How to deploy a private GitHub repository in OpenShift

You are ready to deploy your new fancy app in an OpenShift cluster (or k8s for that matter) but your code is in GitHub in a private repository, how can you give the cluster access to it? Here we go.

This article assumes that the application that will be deployed has a Dockerfile checked into the Git repository but other options should follow the same process.

GitHub Setup

Let’s start by generating a “Deploy Key”, which is basically an SSH key that grants access to a single repository (public or private) and that by default, has read-only access to your project.

In your local machine generate a new SSH key, give it the name oc_github_rsa and leave the passphrase empty (you won’t be able to add it when setting up your OpenShift application).

$ cd ~
$ ssh-keygen -t rsa -b 4096 -C "your.email@email.com"
Generating public/private rsa key pair.
Enter file in which to save the key (/Users/user/.ssh/id_rsa): oc_github_rsa
Enter passphrase (empty for no passphrase):
Enter same passphrase again:
Your identification has been saved in oc_github_rsa.
Your public key has been saved in oc_github_rsa.pub.
The key fingerprint is:
SHA256:HCHOb0C8Cby0UQeEtwXYljk0RS3czKQ3w2CaR/Vhb7U your.email@email.com
The key's randomart image is:
+---[RSA 4096]----+
|   ..O@XXB  o   .|
|    *=BXo==o o ..|
|   . *B++.= . OE |
|    o o= o o .   |
|        S        |
|       .         |
|                 |
|                 |
|                 |
+----[SHA256]-----+

Proceed to copy the public key into your clipboard and navigate to the repository Settings in GitHub. Select Deploy Keys, then click Add deploy key. Give it a name and paste the content of your clipboard into the Key field. Do NOT select the write access and click Add key. GitHub will very likely prompt you to re-enter your password to perform this action.

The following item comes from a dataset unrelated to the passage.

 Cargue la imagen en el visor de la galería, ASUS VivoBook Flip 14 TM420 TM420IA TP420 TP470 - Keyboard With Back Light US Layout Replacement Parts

$ cat oc_github_rsa.pub | pbcopy

It should looks something like this:

The GitHub side is good to go, now to OpenShift.

OpenShift Setup

We are using the web console for this section but the same process can be achieved via the oc CLI.

If you haven’t done already, create a new project.

On the left menu, click on Developer to access the developer console.

The first page that you land should be the Topology page. Click on the option From Dockerfile.

Add the GitHub URL in SSH format (not HTTPS) and click on Show Advanced Git Options - scroll down to Source Secret and select Create New Secret. Give it a name (do not include spaces) and select the private key file from your machine.

Proceed to add an application name, a resource name and if desired keep the checked box to create a route to the application. Click on Create

Of course there is a ton of configurations that can (and should) be made for the specifics of the application but that’s not the topic of this article.

By now OpenShift will have created a Deployment Config (DC) resource that will pull from GitHub your code and deploy your application.

That’s it. Have fun!

Troubleshooting:

Error: error: failed to fetch requested repository ”https://github.com/org/project” with provided credentials

Make sure you use the ssh url for your repo and not the https meaning, use git@github.com:org/my-repo.git instead of https://github.com/org/my-repo

Why? I have no idea, it took me almost 2 hours to figure that out.